Le signore si sporcano le mani e “sanno” le piante, senza spesso saperne neppure i nomi, e quando ingenuamente ti trovi a correggerle “no, signora, non è una gardenia, è un’ortensia”, dopo un secondo vorresti sotterrarti, come, nella prima guerra mondiale, un dottorino di primo pelo di fronte a una bracciuta infermiera da campo. Quel che si può fare, con le signore, oltre ad ammirarne l’opera, è chiedere semi o talee, o “piantini”, di cui sono prodighe e fiere dispensatrici. Di più, è quasi sempre inutile. I loro consigli, sempre che ne diano, di solito valgono solo per loro, in quella combinazione astrale sotto cui prospera il loro giardino incantato. Perché quando chiedi il perché e il come, loro già si annoiano (“non è che c’è molto da dire, basta fare”).

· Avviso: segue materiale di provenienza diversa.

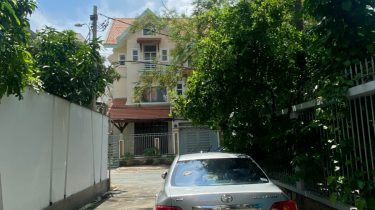 Bán Biệt Thự Quận Bình Thạnh 12x23m Giá 30 Tỷ Gần Nguyễn Gia Trí (D2)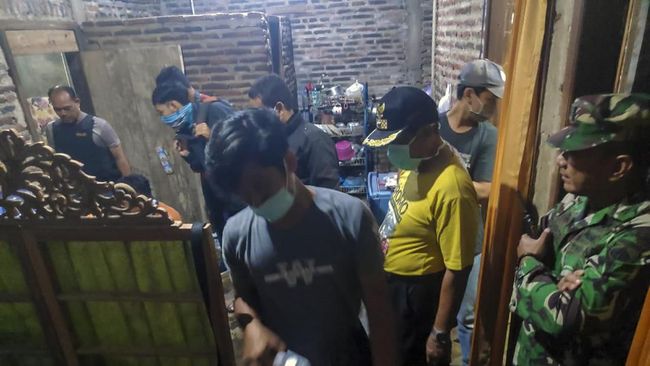 4 Terduga Teroris Ditangkap di Jawa Tengah Anggota JAD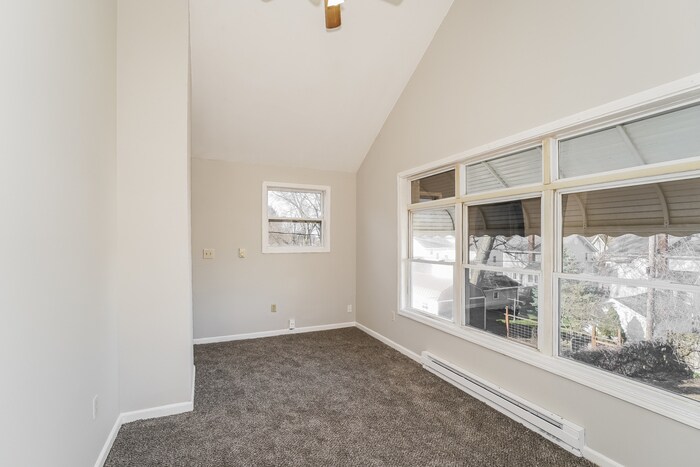 Building Photo - 1420 Oakwood Ave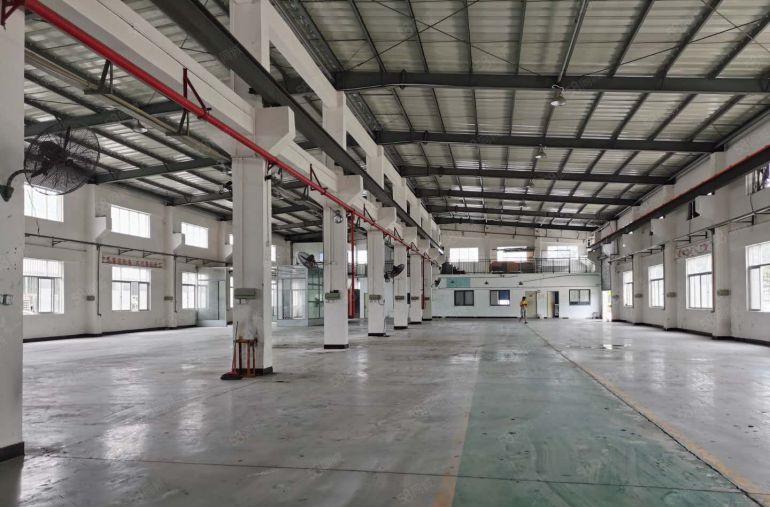 光明原房东10米高单一层2000平带牛角空地大厂房仓库出租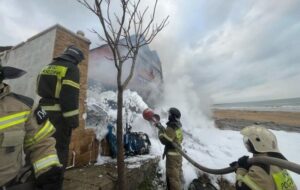 В Дагестані гелікоптер упав на житловий будинок: є загиблі й поранені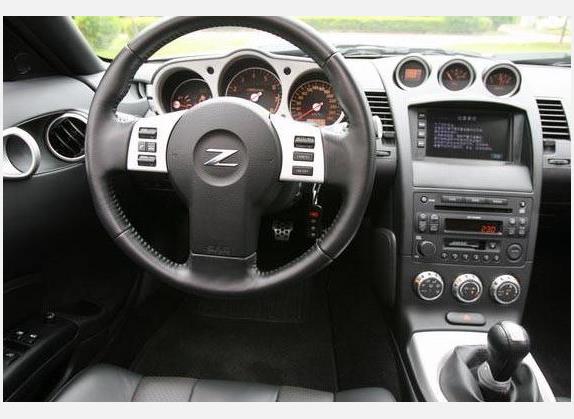 日产350Z 2006款 3.5 MT 中控类   驾驶位
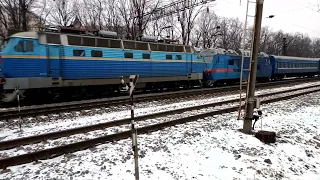 ЭР9м 542 и ЧС4 080 с ДС3 011 - Вишнёвое 2022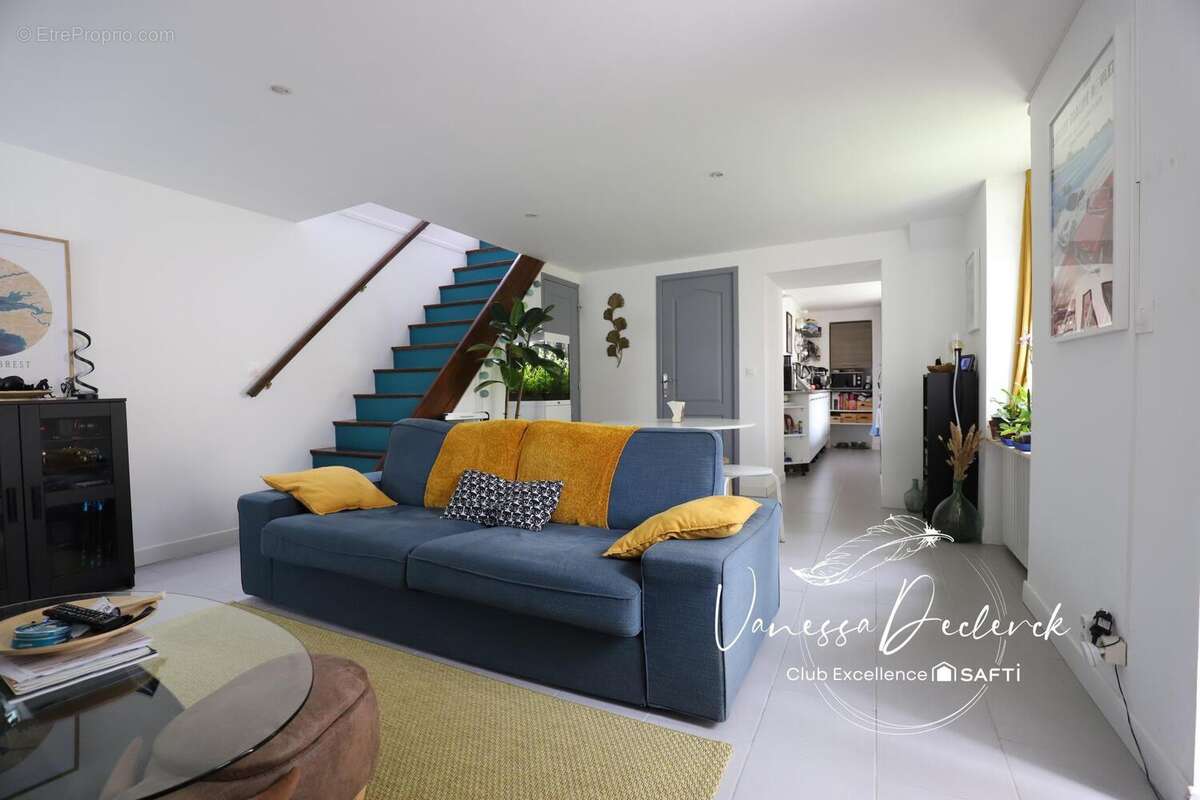 Photo 3 - Maison à LE VAL-SAINT-GERMAIN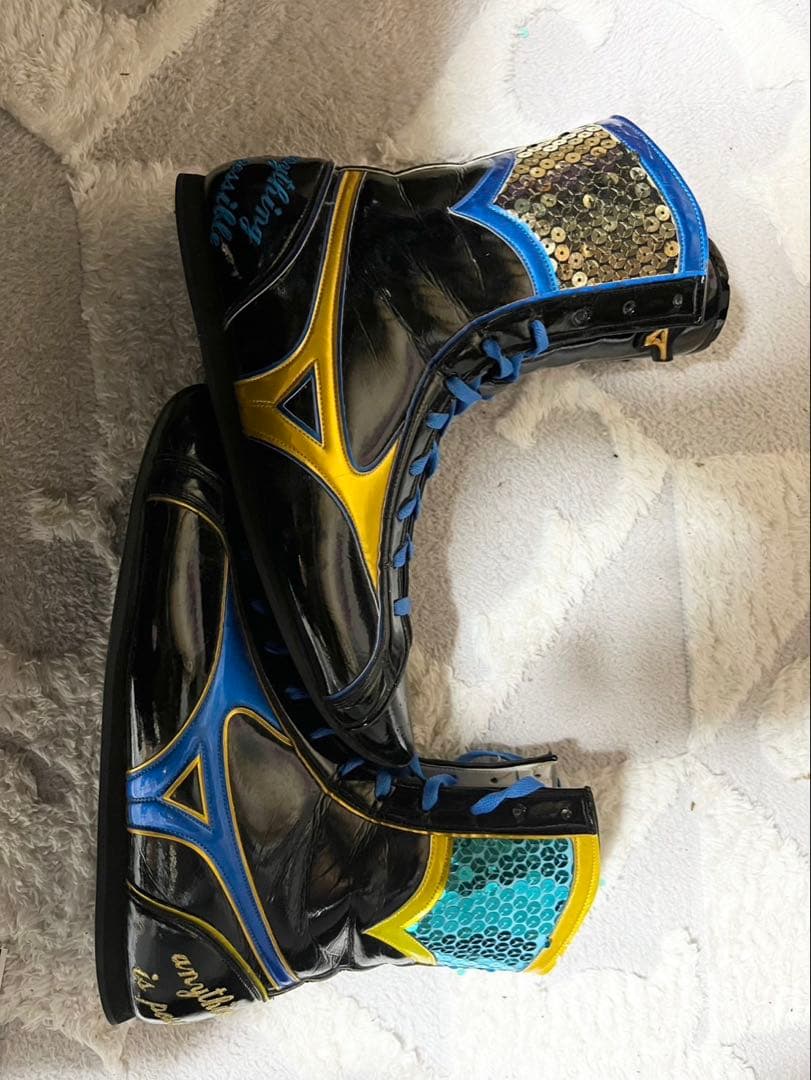 ボクシングシューズ 黒/青/黄 スパンコール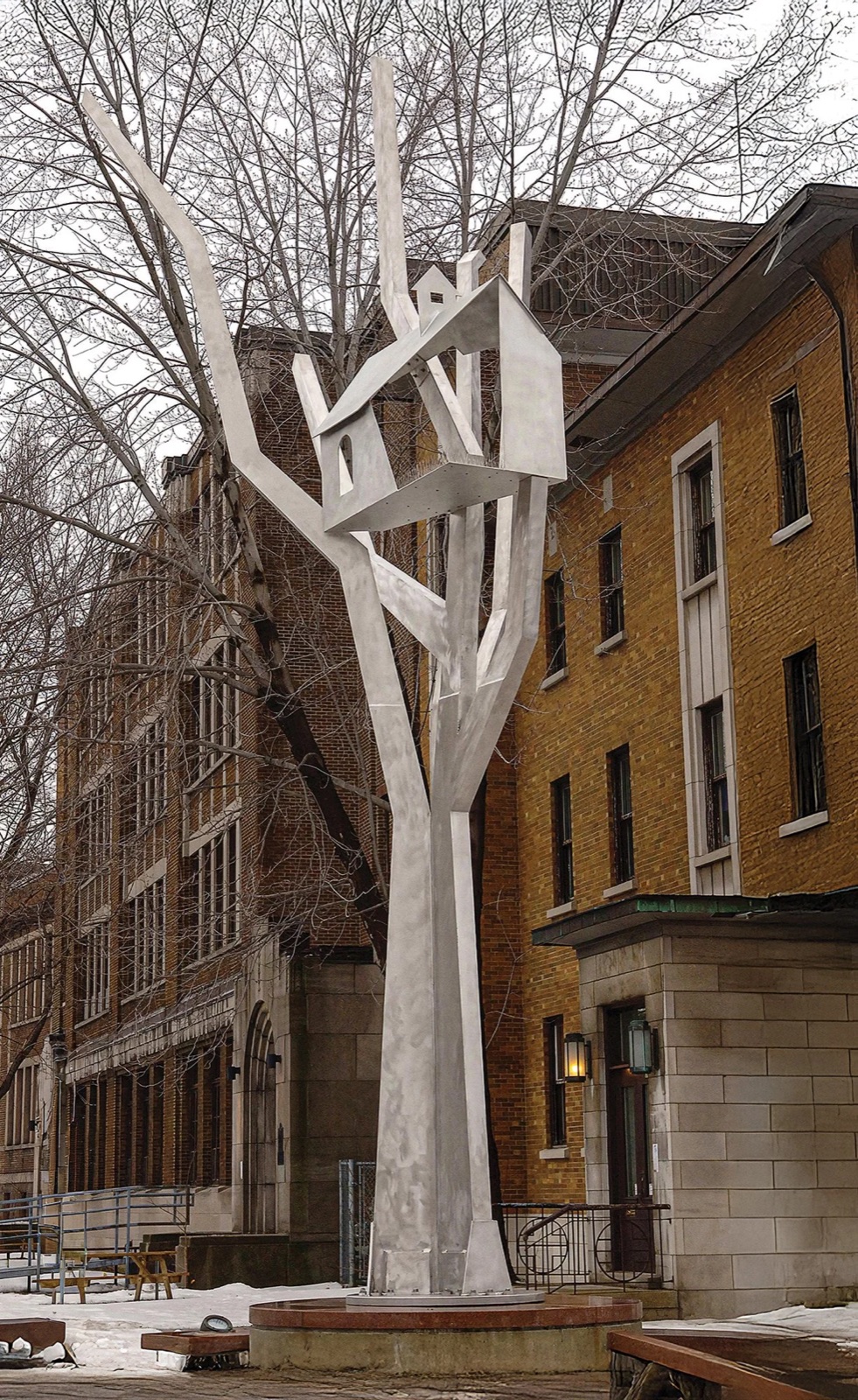 L’arbre-École, sculpture en aluminium de Claire Lamarre dans l’espace public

E quando ti dicono , è anche peggio. 
L'altroieri, per dire, la signora Valeria, che vive in una minuscola casa da fiaba di cui presto racconterò, guardando con amore un po’ ruvido il suo rigoglioso ulivo in vaso, mi ha detto così: “lo bagno quando sopra la terra è secca, ma sotto le radici sono ancora un po’ umide, solo un po’ eh. Perché se la terra è secca tutta è troppo tardi, ma se è tutta umida è peggio”. Io sono rimasta piuttosto confusa, ma lei e l’ulivo, di sicuro, si sono capiti benissimo.
p.s. La foto non è molto giusta, ma generalmente le signore non amano farsi fotografare.